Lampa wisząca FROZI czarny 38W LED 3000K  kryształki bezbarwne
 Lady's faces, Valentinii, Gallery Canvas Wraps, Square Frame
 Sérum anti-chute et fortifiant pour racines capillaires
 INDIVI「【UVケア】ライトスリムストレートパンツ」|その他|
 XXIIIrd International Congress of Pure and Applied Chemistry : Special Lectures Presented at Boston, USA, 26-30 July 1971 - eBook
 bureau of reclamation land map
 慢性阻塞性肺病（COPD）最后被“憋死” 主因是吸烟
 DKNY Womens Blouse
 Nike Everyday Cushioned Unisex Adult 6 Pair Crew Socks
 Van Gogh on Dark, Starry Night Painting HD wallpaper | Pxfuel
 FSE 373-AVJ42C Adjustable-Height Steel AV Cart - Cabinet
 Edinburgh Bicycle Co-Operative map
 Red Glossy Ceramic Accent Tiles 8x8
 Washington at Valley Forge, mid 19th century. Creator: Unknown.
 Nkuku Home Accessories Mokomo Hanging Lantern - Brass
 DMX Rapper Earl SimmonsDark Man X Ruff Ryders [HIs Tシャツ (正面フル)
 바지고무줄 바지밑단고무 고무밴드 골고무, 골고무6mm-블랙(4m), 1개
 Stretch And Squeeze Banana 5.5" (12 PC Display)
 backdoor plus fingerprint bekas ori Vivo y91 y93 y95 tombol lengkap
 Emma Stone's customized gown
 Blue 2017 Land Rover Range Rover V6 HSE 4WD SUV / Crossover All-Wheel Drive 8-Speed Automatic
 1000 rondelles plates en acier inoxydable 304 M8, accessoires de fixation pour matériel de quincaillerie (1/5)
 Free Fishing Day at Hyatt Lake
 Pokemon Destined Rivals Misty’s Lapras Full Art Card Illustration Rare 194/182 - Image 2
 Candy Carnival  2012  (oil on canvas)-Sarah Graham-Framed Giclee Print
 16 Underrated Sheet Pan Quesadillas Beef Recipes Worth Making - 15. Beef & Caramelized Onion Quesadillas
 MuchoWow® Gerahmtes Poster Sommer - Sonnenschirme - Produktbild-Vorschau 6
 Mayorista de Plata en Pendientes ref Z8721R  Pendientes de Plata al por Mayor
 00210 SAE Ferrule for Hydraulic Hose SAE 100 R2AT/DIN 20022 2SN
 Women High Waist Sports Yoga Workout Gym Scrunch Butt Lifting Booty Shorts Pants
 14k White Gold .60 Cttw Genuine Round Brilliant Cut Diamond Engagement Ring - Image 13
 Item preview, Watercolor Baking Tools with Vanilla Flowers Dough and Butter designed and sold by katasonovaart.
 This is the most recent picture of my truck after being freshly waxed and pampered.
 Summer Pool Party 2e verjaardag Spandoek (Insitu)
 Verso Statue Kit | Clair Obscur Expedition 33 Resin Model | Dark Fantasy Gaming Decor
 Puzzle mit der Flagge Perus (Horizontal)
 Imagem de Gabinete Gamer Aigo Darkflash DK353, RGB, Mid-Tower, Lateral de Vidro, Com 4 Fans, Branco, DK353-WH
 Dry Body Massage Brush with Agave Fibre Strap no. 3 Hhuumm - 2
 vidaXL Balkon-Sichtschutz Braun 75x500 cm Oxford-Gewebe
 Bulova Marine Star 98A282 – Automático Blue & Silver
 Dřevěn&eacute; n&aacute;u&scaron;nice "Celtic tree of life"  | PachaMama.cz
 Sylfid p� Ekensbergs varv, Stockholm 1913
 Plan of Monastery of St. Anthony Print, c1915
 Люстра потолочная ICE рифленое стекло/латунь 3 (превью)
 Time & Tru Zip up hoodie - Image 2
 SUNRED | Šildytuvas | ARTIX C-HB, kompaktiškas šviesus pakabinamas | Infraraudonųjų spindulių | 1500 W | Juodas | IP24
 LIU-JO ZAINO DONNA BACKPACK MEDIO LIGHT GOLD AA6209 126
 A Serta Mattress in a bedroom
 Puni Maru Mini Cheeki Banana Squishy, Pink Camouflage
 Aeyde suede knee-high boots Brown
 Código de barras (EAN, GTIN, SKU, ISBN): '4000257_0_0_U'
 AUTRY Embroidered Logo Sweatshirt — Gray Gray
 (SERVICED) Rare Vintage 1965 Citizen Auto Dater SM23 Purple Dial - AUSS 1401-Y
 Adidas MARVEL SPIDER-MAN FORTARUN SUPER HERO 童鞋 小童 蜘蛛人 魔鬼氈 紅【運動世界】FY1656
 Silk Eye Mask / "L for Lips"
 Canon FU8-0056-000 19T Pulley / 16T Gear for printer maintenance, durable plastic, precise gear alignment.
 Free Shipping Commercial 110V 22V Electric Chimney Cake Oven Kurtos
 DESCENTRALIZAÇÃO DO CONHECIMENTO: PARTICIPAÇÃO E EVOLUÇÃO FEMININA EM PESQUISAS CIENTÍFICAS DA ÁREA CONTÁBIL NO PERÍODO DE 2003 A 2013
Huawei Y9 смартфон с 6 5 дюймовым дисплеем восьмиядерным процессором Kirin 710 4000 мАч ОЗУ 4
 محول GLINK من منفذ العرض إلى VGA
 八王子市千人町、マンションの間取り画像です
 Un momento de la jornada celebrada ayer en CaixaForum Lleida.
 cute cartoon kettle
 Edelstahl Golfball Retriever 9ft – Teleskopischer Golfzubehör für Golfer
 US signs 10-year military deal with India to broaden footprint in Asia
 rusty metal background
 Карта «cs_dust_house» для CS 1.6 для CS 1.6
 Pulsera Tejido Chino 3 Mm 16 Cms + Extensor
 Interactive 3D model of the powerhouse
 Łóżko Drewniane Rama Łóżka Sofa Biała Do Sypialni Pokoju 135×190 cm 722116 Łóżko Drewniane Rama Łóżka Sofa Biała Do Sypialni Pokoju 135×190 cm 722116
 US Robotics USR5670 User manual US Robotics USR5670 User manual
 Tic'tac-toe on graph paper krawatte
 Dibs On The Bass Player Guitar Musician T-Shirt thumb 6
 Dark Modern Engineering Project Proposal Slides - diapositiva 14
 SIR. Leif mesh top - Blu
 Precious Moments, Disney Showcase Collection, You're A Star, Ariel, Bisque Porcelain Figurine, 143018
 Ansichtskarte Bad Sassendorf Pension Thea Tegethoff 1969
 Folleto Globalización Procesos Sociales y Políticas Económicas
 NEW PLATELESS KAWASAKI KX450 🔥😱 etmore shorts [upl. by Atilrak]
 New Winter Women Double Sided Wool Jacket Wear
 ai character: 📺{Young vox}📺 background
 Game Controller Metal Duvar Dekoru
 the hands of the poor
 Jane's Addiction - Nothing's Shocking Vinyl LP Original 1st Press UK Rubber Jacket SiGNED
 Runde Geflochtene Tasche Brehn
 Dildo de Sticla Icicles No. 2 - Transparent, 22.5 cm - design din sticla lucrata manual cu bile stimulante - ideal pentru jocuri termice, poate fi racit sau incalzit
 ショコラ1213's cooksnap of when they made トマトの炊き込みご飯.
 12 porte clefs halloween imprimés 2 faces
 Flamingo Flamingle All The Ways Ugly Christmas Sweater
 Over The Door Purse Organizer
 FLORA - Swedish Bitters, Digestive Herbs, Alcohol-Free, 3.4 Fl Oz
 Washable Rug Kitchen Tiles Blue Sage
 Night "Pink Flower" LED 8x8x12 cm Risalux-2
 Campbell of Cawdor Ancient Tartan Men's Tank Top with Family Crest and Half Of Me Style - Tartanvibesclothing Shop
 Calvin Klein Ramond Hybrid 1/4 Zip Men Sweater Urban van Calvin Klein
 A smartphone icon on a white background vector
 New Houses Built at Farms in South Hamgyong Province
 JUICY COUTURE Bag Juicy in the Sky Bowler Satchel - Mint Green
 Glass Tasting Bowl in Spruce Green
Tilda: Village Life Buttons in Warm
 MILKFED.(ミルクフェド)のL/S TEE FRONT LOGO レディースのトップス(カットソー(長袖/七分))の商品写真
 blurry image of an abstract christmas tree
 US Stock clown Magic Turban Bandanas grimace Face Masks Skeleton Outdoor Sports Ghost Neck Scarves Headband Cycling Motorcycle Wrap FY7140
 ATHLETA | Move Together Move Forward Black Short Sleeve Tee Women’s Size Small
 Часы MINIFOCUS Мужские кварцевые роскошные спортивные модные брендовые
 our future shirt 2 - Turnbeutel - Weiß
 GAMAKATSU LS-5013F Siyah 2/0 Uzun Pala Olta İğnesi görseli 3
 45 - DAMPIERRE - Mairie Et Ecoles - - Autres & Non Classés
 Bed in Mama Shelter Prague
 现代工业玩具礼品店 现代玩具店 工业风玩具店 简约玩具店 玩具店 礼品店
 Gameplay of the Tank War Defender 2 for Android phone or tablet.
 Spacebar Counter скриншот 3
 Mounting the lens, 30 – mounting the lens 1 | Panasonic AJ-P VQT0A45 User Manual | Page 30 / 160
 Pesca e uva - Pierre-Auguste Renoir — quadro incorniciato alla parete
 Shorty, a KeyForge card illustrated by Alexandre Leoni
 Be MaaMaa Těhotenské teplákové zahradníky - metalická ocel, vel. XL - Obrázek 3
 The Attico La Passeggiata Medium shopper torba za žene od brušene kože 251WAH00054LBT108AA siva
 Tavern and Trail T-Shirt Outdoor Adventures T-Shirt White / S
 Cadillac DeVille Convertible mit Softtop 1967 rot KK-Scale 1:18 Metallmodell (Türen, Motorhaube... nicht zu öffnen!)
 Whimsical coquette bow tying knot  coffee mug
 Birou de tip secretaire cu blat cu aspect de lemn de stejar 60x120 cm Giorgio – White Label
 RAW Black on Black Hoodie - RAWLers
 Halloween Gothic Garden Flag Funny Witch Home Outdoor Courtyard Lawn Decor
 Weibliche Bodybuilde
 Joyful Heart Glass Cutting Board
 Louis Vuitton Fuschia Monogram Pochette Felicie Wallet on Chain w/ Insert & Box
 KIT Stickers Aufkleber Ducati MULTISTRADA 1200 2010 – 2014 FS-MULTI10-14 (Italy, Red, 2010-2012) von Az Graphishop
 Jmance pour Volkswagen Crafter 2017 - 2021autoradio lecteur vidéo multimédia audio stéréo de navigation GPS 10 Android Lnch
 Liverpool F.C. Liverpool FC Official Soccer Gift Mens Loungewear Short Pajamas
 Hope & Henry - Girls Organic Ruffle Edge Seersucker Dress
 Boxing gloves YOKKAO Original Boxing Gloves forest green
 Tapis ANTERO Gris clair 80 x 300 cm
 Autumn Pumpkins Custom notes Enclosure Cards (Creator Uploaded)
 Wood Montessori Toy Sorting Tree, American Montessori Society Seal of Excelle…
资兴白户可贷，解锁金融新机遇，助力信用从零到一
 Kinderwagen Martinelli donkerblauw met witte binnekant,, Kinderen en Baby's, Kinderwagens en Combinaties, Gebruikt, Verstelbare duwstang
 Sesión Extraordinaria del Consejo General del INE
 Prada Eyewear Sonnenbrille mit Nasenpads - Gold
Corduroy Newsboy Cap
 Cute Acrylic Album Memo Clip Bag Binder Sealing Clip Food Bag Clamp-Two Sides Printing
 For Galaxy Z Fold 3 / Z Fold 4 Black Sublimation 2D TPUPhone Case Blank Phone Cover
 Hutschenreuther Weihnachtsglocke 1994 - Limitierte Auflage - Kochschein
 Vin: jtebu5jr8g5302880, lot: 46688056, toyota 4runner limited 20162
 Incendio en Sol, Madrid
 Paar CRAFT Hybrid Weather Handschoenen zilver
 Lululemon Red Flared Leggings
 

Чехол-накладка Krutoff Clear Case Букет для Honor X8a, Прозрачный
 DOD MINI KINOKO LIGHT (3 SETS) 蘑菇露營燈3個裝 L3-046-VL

---

Each line above that carries the string "Creator" has to be returned.

[Solution to the problem]:
 Washington at Valley Forge, mid 19th century. Creator: Unknown.
 Autumn Pumpkins Custom notes Enclosure Cards (Creator Uploaded)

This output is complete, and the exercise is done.